- **Supplied entries**:

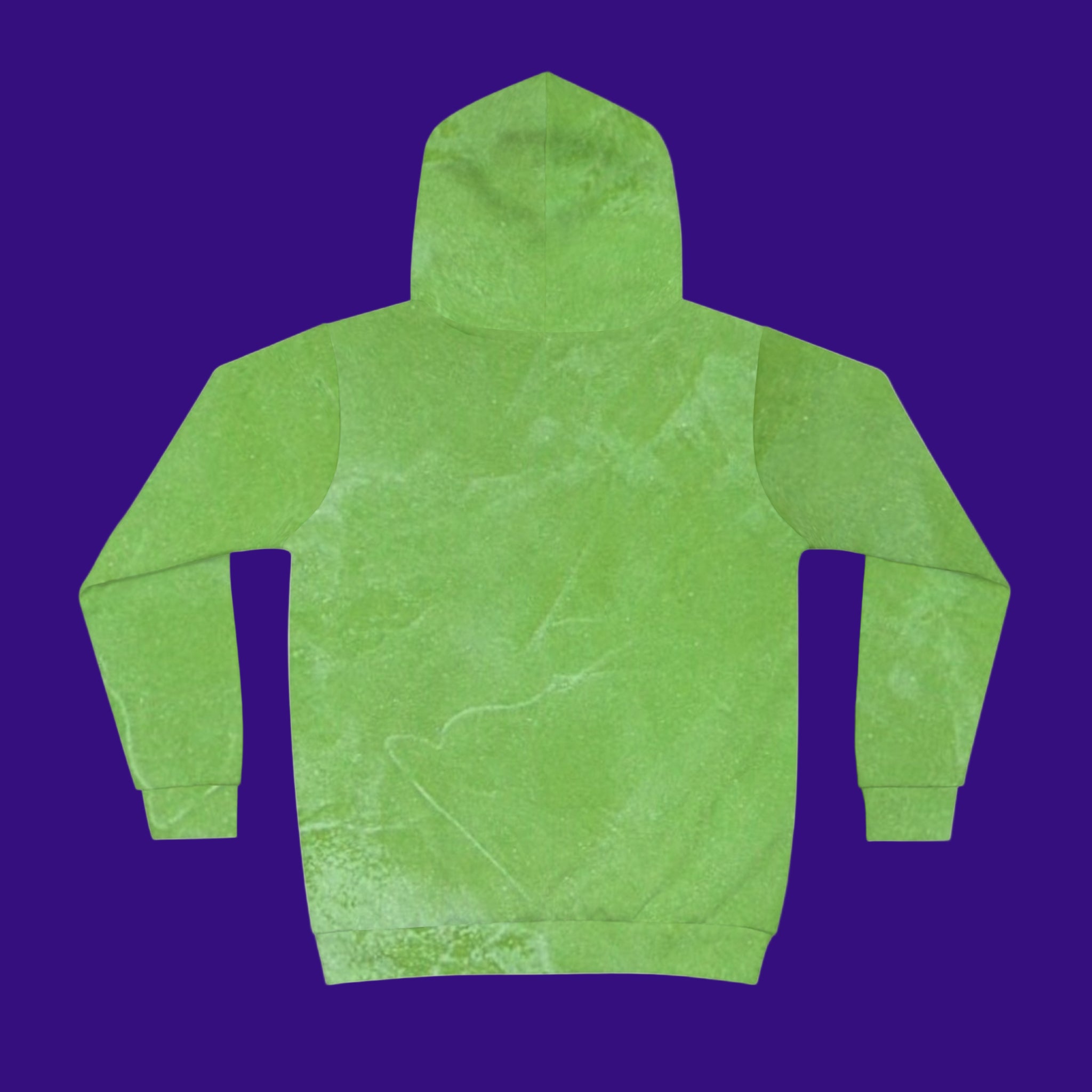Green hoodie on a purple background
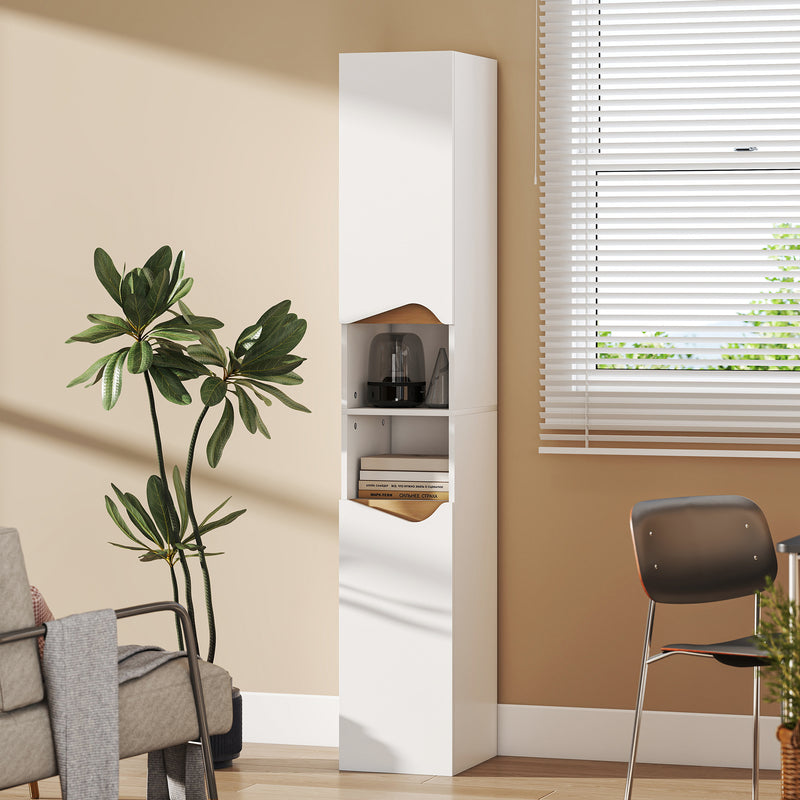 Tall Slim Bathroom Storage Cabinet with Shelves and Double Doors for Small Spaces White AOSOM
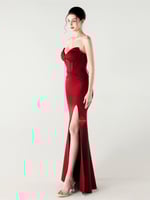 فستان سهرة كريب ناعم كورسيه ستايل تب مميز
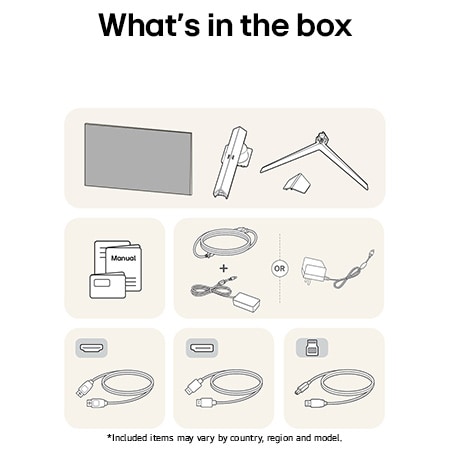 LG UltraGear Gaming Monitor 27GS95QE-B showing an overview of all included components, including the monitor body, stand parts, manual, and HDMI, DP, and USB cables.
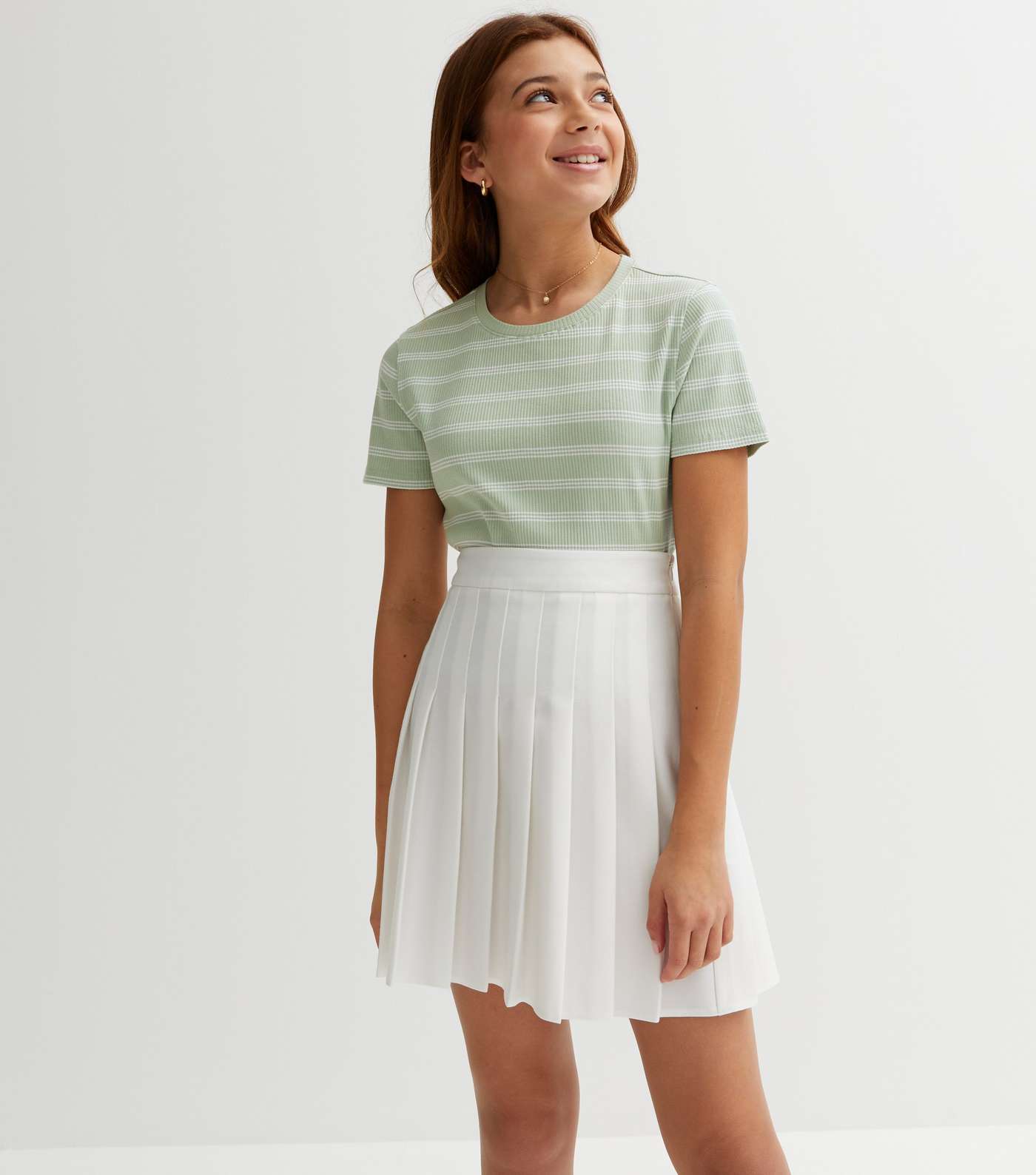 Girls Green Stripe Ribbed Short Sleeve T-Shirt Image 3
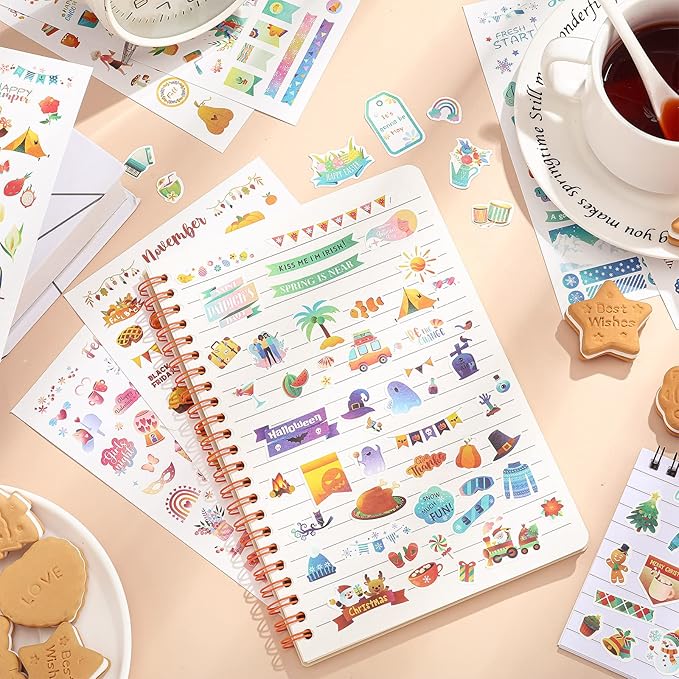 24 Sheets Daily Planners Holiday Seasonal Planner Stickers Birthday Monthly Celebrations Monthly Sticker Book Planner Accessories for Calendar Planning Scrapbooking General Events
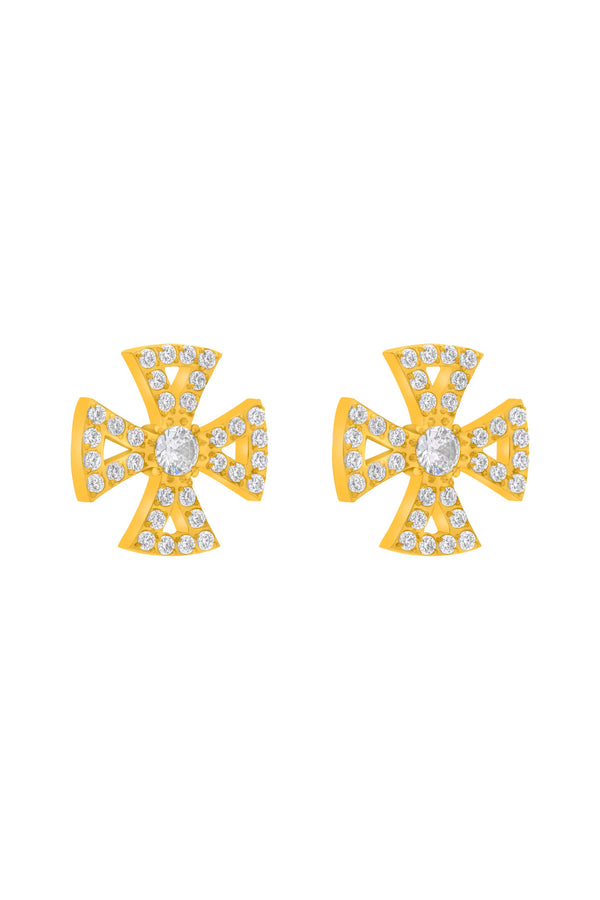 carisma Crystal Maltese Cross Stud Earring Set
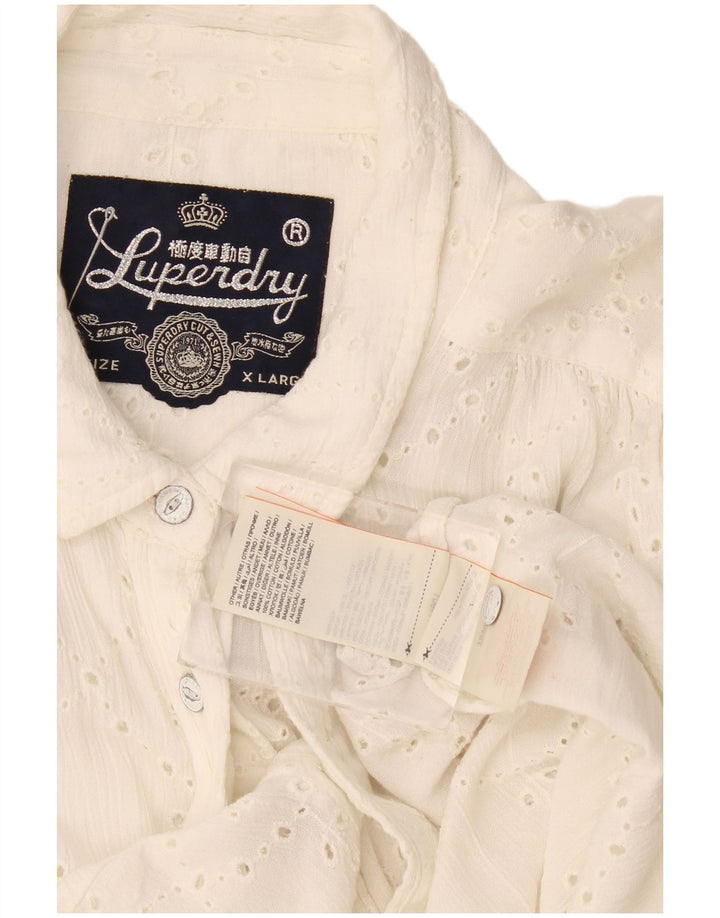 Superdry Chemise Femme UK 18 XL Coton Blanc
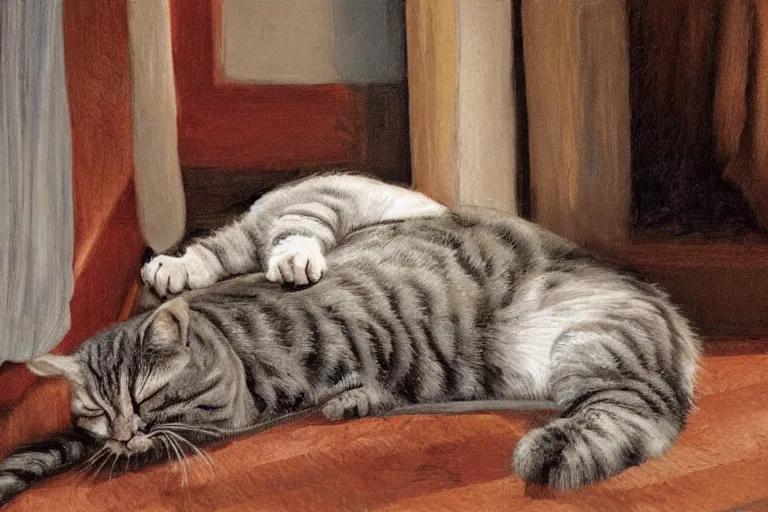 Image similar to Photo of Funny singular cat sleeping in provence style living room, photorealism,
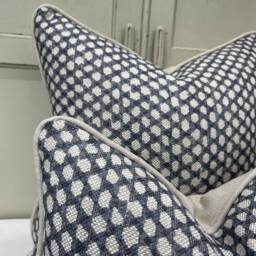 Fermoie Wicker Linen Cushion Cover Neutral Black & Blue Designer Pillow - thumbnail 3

- **What you have to do**:
Find the line with "Tall Slim Bathroom". Reproduce it and every line after it through the last line above exactly, leaving out the pictures.

- **Written answer**:
 Tall Slim Bathroom Storage Cabinet with Shelves and Double Doors for Small Spaces White AOSOM
 فستان سهرة كريب ناعم كورسيه ستايل تب مميز
 LG UltraGear Gaming Monitor 27GS95QE-B showing an overview of all included components, including the monitor body, stand parts, manual, and HDMI, DP, and USB cables.
 Girls Green Stripe Ribbed Short Sleeve T-Shirt Image 3
 24 Sheets Daily Planners Holiday Seasonal Planner Stickers Birthday Monthly Celebrations Monthly Sticker Book Planner Accessories for Calendar Planning Scrapbooking General Events
 carisma Crystal Maltese Cross Stud Earring Set
 Superdry Chemise Femme UK 18 XL Coton Blanc
 Image similar to Photo of Funny singular cat sleeping in provence style living room, photorealism,
 Fermoie Wicker Linen Cushion Cover Neutral Black & Blue Designer Pillow - thumbnail 3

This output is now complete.